The density of SNPs in the human genome is estimated to be 1 to 10 per 1000 nucleotides, when comparing two chromosomes (Kruglyak 1997), and a more recent estimate is ~1 SNP/1.9 kb, reported by the International SNP Map Working Group (Sachidanandam et al. 2001). Geraghty et al. (1999) identified >10,000 SNPs in the 2.2-Mb DNA segment that includes all of the class I region. Ribas et al. (2001) detected a density of one SNP per 489 bp in an 18-kb DNA segment in the human class III region. Here, by screening the alignment of the two genomic sequences, we found a total of 371 SNPs therein, representing 0.9 SNPs/kb. Of these 371 SNPs, 217 (58.5%) were found in genes, including 23 in coding regions (cSNP), 11 in UTRs, and 183 in introns. Of the 23 cSNPs, 13 (56.5%) were nonsynonymous mutations, whereas another 10 (43.5%) SNPs were synonymous mutations. These SNPs are distributed relatively evenly in the genomic sequence. There are 254 transitions (68%) and 117 (32%) transversions. The frequencies of the substitutions were A/C (7.3%), A/G (28.3%), A/T (6.7%), C/G (9.2%), C/T (40.2%), and G/T (8.4%).

Recently, the Sanger Institute released two sequences from their MHC haplotype project (see http://www.sanger.ac.uk/HGP/Chr6/MHC/). The first consensus sequence, from the PGF cell line, was assembled using AL663061, AL662801, AL662899, AL671762, AL645922, AL772248, AL662884, and AL772153 (706,338 bp); the second sequence, from the COX cell line, included AL662847, AL670886, AL662834, AL662849, AL662828, and AL662830 (667,547 bp). We compared those two consensus sequences to our sequences, and found 787 and 582 SNPs, respectively. The second consensus sequence contains only one copy of the C4-CYP21 module, which might explain why the number of SNPs found between it and our sequence is smaller than that of the first one.

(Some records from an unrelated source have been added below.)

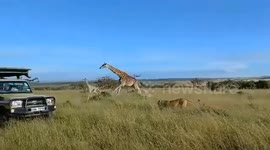 Brave giraffe mum kicks lion in head trying to protect her baby from attack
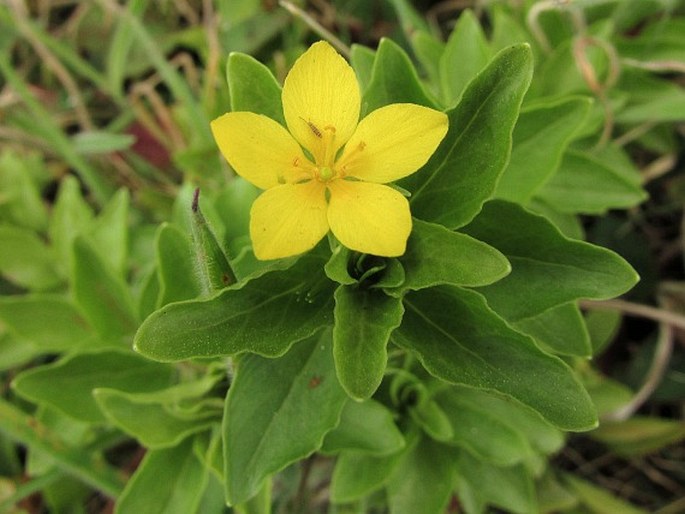 LYSIMACHIA AZORICA Hornem. ex Hook. – vrbina azorská / čerkáč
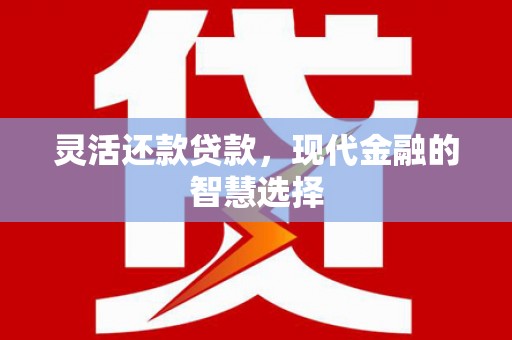 台州灵活还款贷款，现代金融的智慧选择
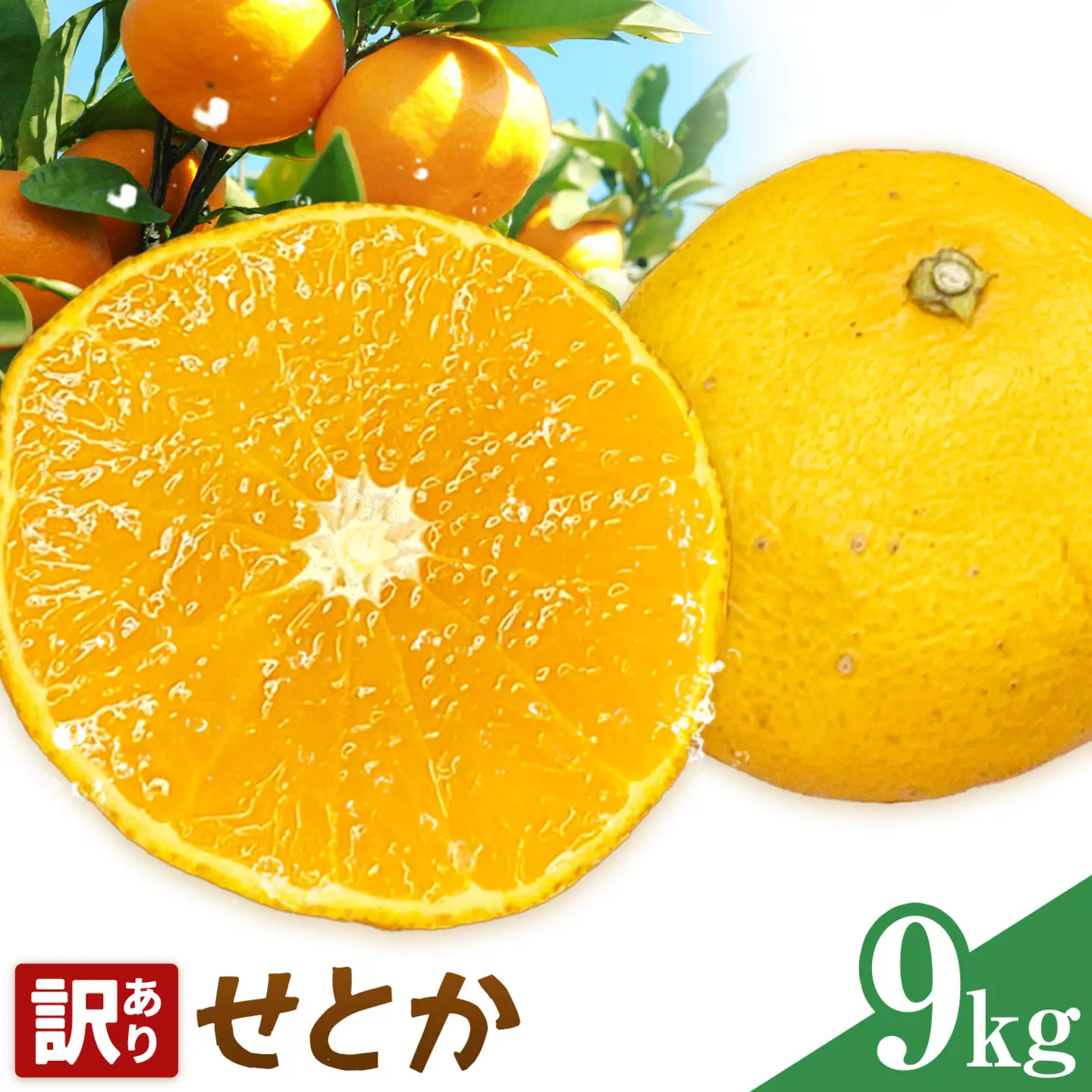 せとか 訳あり 9kg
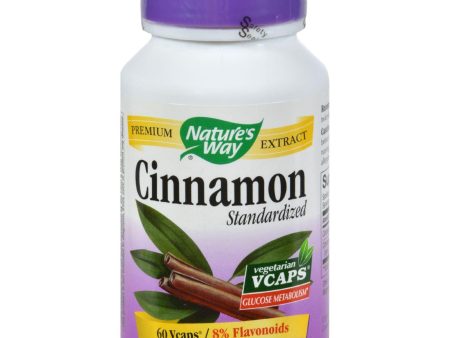 Nature s Way Cinnamon Standardized - 60 Vcaps Cheap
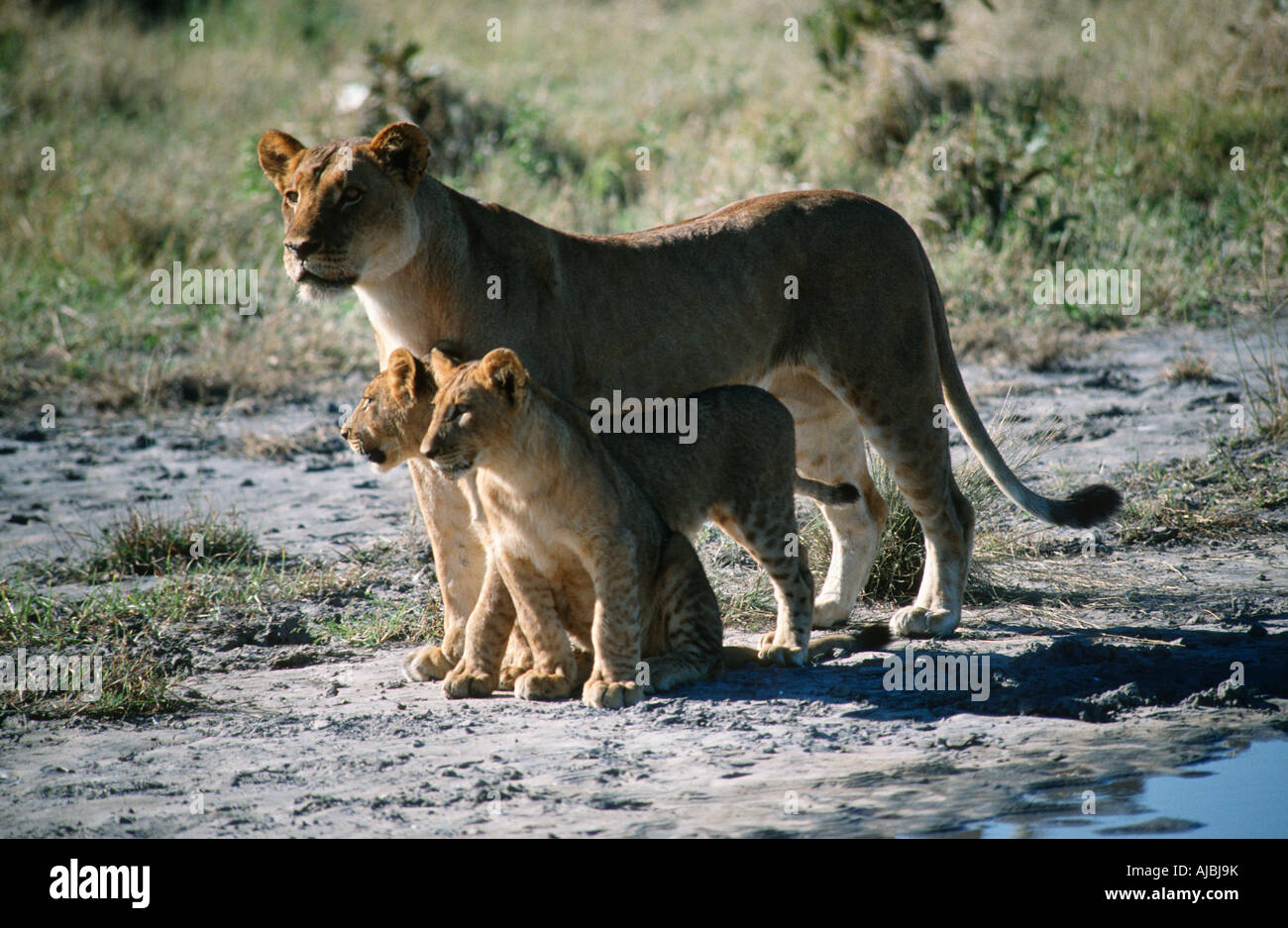 Lioness (Panthera leo) et d'oursons sur Bush Plain Banque D'Images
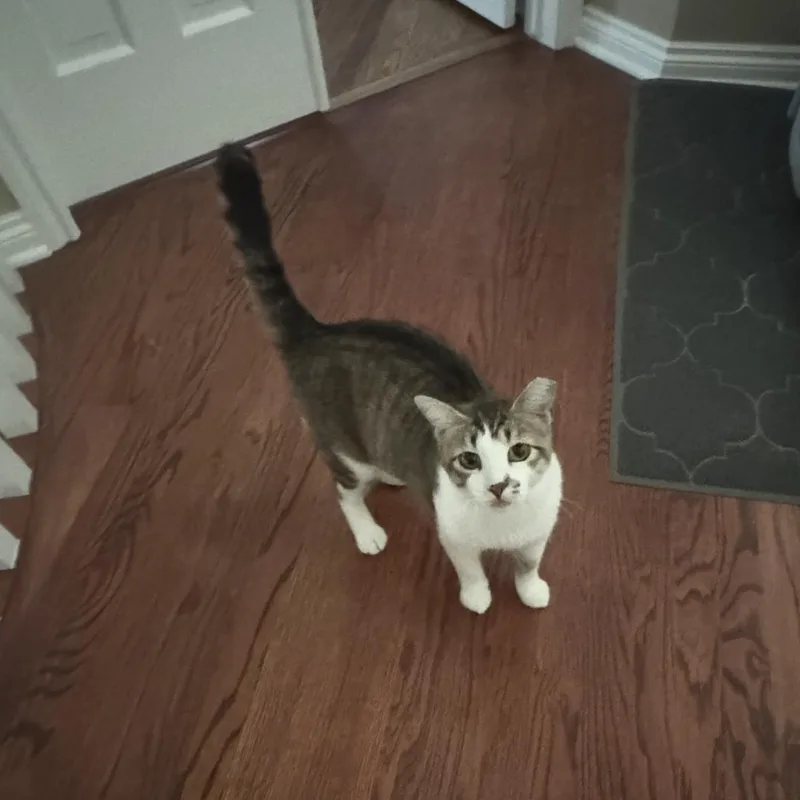 Janet thumbnail 2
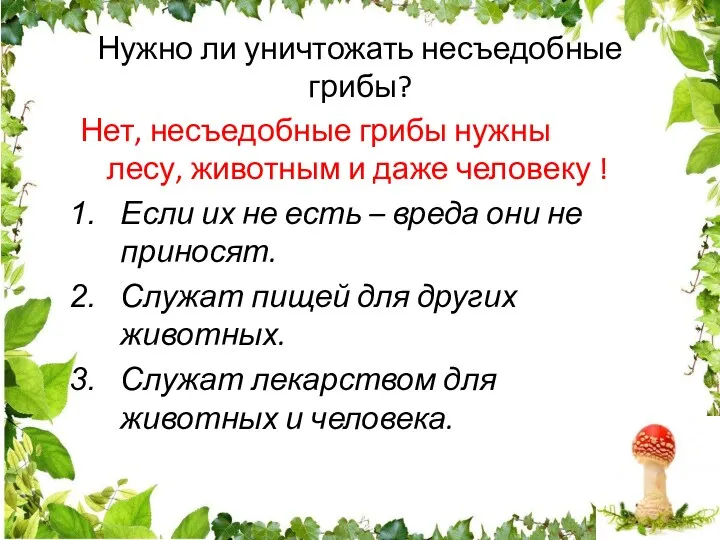 Нужно ли уничтожать несъедобные грибы? Нет, несъедобные грибы нужны лесу,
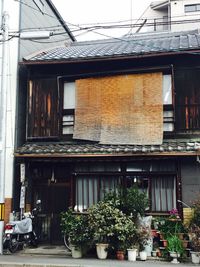 Potted plants on window of building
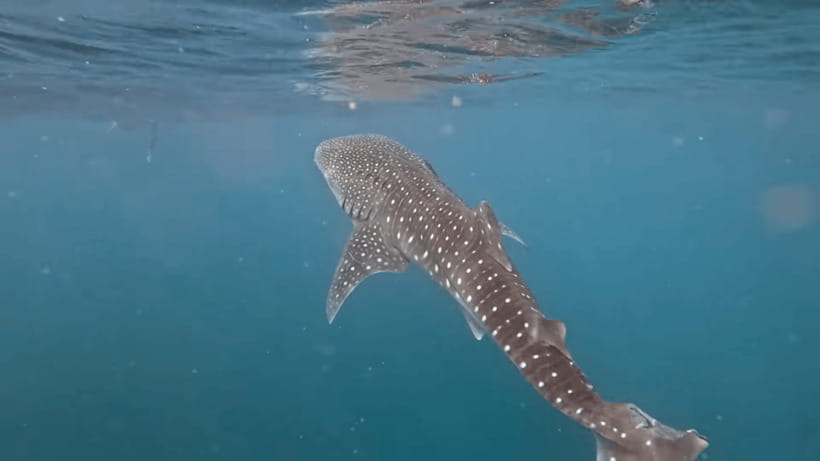 Oslob: Whale Sharks, Tumalog Falls & Sumilon Trio Adventure - The early car ride to Oslob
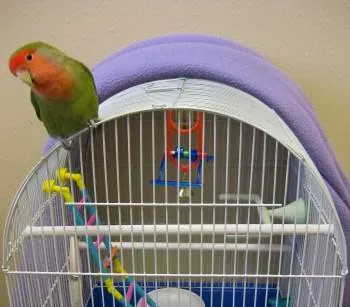 Beaver Brook Pet Center 2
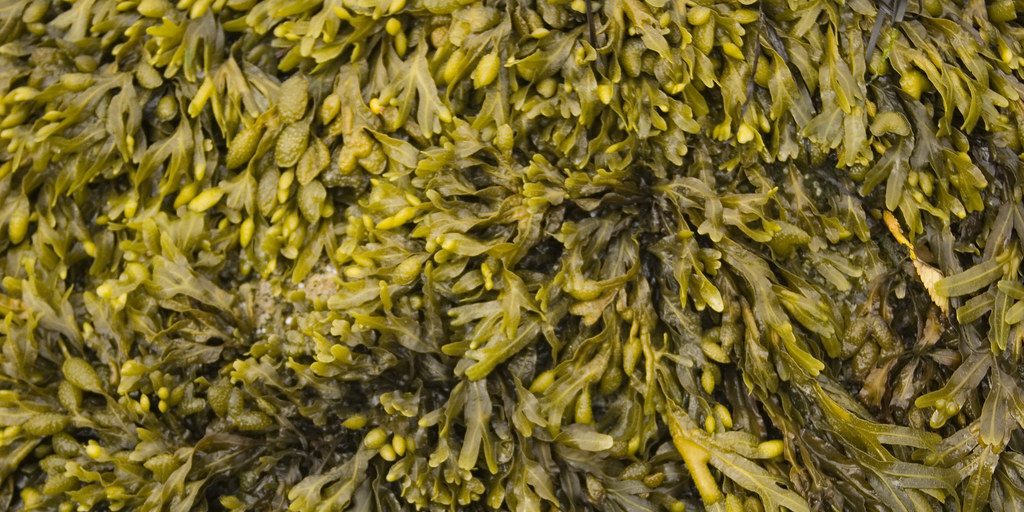 Kingsburg Coastal Conservancy urges public objection to proposed rockweed harvesting lease - Vimarsana News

To link these SNPs to disease susceptibility requires further work. However, it is interesting to note that the overall frequency of nonsynonymous versus synonymous mutations in the cSNPs and the frequency of transitions versus transversions are very similar between both studies. These SNPs can be accessed at http://db.systemsbiology.net/projects/local/mhc/SNP/.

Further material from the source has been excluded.